== What needs to be done ==
Copy each line from the entries that the word "Chapter" appears in.

------ Source material ------

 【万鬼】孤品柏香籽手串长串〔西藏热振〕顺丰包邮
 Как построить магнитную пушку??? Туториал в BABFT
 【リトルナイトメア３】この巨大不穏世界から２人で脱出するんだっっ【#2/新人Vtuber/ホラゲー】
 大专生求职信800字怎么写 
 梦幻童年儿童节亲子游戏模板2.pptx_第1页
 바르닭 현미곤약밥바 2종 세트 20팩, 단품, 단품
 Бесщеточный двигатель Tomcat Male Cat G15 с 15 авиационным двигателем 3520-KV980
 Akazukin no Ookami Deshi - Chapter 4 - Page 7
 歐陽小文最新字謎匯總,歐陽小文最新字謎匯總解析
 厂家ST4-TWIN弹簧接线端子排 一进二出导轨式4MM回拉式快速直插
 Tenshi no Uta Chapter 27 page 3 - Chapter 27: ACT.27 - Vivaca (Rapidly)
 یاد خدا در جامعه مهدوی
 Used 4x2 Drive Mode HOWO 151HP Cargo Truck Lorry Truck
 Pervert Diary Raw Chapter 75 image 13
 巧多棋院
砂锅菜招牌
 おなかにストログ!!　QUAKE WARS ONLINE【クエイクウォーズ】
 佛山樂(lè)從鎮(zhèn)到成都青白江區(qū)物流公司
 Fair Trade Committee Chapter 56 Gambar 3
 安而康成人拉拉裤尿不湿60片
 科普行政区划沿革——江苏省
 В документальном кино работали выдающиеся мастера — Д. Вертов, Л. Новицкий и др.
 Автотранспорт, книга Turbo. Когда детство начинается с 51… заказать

------

== Task answer ==
 Akazukin no Ookami Deshi - Chapter 4 - Page 7
 Tenshi no Uta Chapter 27 page 3 - Chapter 27: ACT.27 - Vivaca (Rapidly)
 Pervert Diary Raw Chapter 75 image 13
 Fair Trade Committee Chapter 56 Gambar 3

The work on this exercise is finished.